- Papai, você sabe quem é o presidente da América dos
Estados Unidos?
- Você quer dizer Estados Unidos da América?
- É, isso.
- Quem é?
- É o Ronald Trump.
- Donald. Donald Trump.
Estávamos indo para a escola, e Miguel desandou a
falar de um joguinho em que Trump é meio que sacaneado, está metido numa
enrascada qualquer e o seu salvador, em vez de salvá-lo, contribui para a sua
morte. Sinceramente, no meio da descrição eu já havia desistido de acompanhar,
eram sete e quinze da manhã e meus neurônios ainda estavam sonolentos.
Terminada a descrição da odisseia com final infeliz para o presidente
norte-americano, resumi meu sentimento em relação ao “homem mais poderoso do
mundo”, ainda chocado com seu relativismo moral que iguala manifestantes
antirracistas, de um lado, e racistas e antissemitas autointitulados “supremacistas
brancos”, de outro:
- O Trump é um babaca, um cara malvado, é racista.
- Ele não gosta de negros?
- Não, ele odeia os negros. Ele pensa que nem os
portugueses que colonizaram o Brasil, lembra? Os portugueses trouxeram negros
da África para trabalhar como escravos nas lavouras de cana de açúcar e nas
plantações de café e nas minas de ouro, e eles foram escravizados porque os
portugueses não os respeitavam como seres humanos, eles acreditavam que os
negros africanos eram praticamente animais que falavam.
- Papai, você gosta de negros?
- Filho, deixa eu te dizer uma coisa. Eu não gosto nem
desgosto de negros por causa da cor de sua pele. Também não gosto ou desgosto
de brancos, azuis e vermelhos por causa da cor de sua pele. As pessoas são boas
ou más independentemente da cor de sua pele. Coloque isso na sua cabeça. Por
exemplo: eu desprezo o Trump, que é branco; eu te amo, e você também é branco.

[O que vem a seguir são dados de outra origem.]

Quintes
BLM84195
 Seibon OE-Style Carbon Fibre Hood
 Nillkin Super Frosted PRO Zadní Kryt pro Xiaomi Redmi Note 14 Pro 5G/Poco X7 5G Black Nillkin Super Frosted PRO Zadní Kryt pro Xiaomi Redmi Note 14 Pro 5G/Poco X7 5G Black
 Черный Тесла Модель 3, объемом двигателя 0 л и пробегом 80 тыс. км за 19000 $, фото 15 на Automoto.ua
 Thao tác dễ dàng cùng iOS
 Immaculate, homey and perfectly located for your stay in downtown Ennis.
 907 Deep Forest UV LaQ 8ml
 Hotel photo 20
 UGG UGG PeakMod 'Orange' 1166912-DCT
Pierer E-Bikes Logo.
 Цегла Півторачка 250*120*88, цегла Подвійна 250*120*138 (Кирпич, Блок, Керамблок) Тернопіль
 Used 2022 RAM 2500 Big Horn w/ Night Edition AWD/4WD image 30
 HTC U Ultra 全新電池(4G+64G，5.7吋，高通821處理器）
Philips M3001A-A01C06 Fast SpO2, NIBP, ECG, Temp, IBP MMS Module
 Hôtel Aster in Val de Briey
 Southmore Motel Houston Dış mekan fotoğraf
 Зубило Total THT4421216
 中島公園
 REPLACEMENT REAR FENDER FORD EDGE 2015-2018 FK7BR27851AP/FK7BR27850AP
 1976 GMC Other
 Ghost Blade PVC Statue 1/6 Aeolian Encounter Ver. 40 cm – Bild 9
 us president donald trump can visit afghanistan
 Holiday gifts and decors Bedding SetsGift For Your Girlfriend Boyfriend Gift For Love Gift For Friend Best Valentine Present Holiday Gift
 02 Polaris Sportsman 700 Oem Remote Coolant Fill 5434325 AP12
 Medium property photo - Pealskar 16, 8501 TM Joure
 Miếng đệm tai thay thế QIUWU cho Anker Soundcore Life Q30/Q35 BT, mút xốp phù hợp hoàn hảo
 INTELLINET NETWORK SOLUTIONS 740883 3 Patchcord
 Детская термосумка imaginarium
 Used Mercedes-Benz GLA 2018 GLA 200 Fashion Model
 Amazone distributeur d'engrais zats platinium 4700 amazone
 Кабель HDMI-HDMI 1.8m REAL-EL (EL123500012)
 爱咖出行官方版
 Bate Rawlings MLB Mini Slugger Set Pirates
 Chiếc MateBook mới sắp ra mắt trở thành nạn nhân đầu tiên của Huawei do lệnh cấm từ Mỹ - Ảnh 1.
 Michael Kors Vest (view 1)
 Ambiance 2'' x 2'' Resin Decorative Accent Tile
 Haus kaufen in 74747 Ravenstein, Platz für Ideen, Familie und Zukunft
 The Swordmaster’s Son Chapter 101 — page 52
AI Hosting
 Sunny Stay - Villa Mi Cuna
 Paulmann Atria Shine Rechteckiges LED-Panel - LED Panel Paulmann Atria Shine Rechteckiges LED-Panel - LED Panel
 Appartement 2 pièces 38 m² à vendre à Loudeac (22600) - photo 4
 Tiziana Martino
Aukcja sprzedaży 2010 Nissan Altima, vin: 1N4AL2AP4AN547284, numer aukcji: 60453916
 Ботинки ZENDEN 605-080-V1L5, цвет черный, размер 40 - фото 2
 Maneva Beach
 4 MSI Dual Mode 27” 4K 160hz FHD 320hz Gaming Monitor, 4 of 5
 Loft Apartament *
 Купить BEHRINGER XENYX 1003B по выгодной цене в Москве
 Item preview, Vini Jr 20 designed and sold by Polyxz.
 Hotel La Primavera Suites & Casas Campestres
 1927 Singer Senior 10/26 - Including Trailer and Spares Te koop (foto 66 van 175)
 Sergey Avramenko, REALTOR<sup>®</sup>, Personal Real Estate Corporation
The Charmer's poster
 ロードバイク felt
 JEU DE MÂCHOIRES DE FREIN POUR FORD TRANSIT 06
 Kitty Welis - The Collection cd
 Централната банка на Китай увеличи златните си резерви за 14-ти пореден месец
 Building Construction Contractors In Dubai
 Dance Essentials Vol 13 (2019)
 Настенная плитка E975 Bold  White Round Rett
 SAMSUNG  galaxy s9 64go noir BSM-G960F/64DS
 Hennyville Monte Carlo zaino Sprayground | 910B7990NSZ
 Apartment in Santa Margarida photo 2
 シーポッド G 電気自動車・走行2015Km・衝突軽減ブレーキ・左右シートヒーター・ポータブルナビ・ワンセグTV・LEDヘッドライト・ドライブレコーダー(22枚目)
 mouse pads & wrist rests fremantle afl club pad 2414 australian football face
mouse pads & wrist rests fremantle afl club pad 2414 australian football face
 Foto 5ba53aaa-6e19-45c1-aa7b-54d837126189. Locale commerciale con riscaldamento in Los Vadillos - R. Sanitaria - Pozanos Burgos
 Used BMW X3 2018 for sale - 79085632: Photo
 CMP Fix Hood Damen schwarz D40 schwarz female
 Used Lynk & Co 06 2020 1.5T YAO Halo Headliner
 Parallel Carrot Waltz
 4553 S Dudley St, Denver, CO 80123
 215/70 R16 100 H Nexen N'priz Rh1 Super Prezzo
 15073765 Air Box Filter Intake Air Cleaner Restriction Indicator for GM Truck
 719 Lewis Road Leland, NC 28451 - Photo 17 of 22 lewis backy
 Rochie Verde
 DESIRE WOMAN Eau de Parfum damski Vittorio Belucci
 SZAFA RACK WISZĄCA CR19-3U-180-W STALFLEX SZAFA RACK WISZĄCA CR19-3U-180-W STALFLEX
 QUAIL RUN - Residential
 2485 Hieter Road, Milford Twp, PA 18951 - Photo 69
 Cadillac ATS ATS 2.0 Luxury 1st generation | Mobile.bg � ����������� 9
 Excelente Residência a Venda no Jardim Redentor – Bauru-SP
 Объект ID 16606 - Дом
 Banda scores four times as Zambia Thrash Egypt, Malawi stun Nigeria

Miguel teve muito pouco contato com crianças negras,
até o início deste ano. Saiu da bolha social quando decidimos coloca-lo numa
escola pública, onde a diversidade, na vertente que queiramos escolher, é muito
mais presente do que nas escolas particulares da classe média carioca.
- Por que eu não tenho amigos negros?
- Porque você não teve, até agora, a oportunidade de fazer
amizade com crianças negras. Mas na sua escola há crianças negras, não é? Na
sua sala?
- Sim, mas os dois são chatos.
Miguel havia dito, minutos antes, que os negros que
conhecia eram todos chatos. Imagino que se referia aos colegas de classe.
Ajudando-o a não reproduzir estereótipos e evitar possíveis estigmas, lembrei-o
que, em sua festa de aniversário, um dos dois colegas da escola convidados era,
na minha visão, negro.
- O Fulano não é negro?
- Não, o Fulano é médio. (“médio” seria moreno?)
Então, Miguel citou dois outros colegas que identifica
como brancos e com os quais não vai muito com a cara. Pronto, foi a minha deixa
para ratificar a ideia de que a bondade ou maldade de uma pessoa não pode se
relacionar com uma característica física como o é a cor da pele.
De semente em semente, tentamos formar o caráter do
nosso filho, transmitir valores que consideramos corretos. Torcemos para que as
sementes deem frutos saborosos. Não há salvação sem educação.